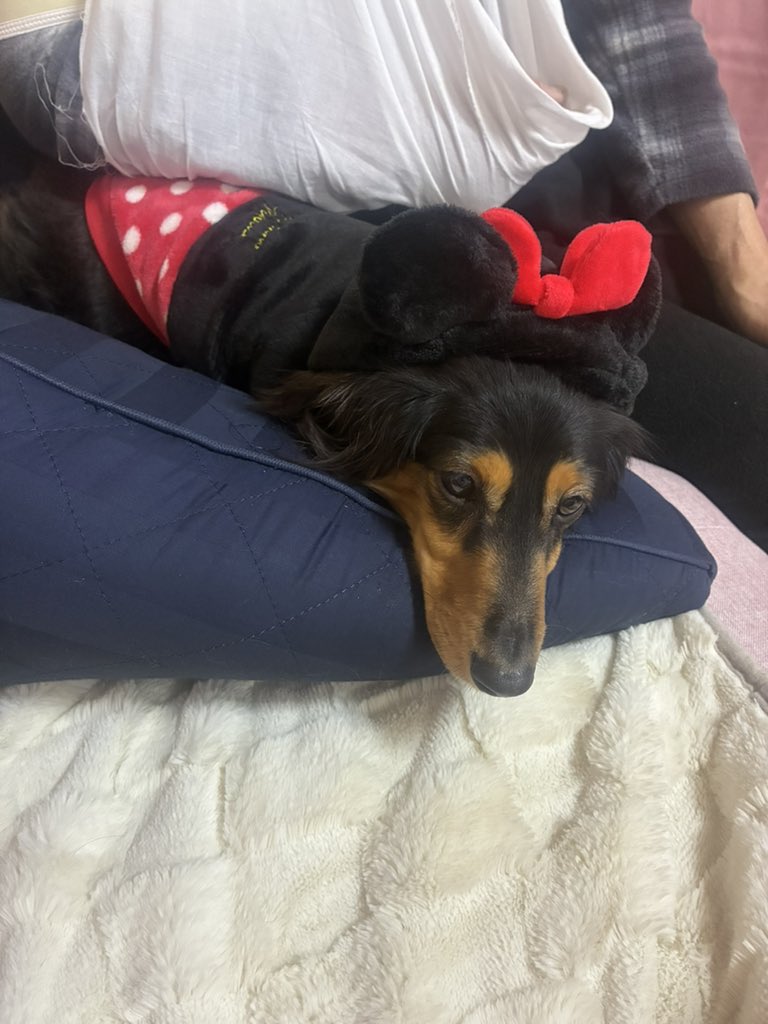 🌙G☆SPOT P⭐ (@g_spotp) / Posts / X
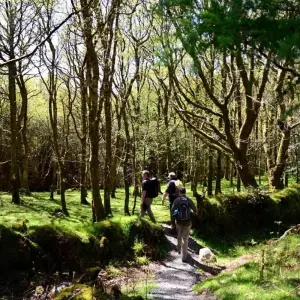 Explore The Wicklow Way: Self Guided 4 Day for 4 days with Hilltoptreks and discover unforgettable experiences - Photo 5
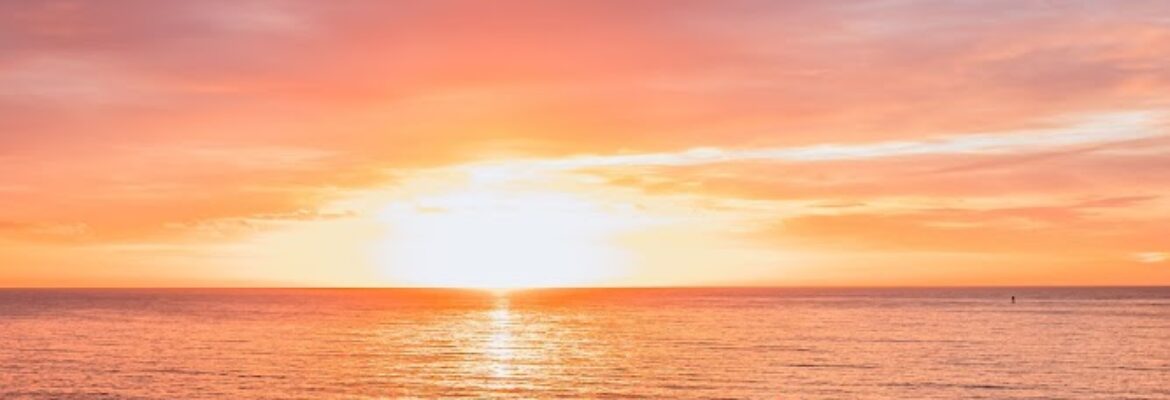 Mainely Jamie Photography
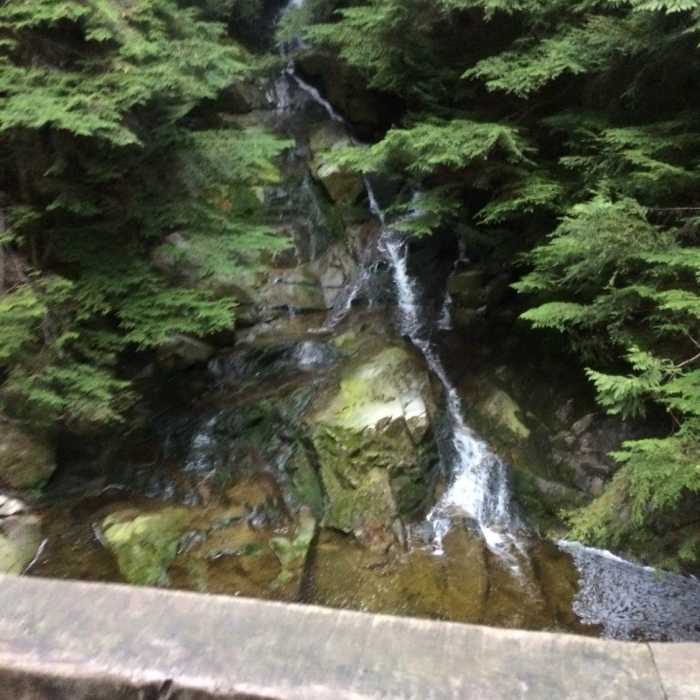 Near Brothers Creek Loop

--

= TASK REQUIREMENTS =
Skip the pictures and write out exactly the lines from the line containing "Mainely Jamie Photography" through the end of the listing above.

= ANSWER SPACE =
 Mainely Jamie Photography
 Near Brothers Creek Loop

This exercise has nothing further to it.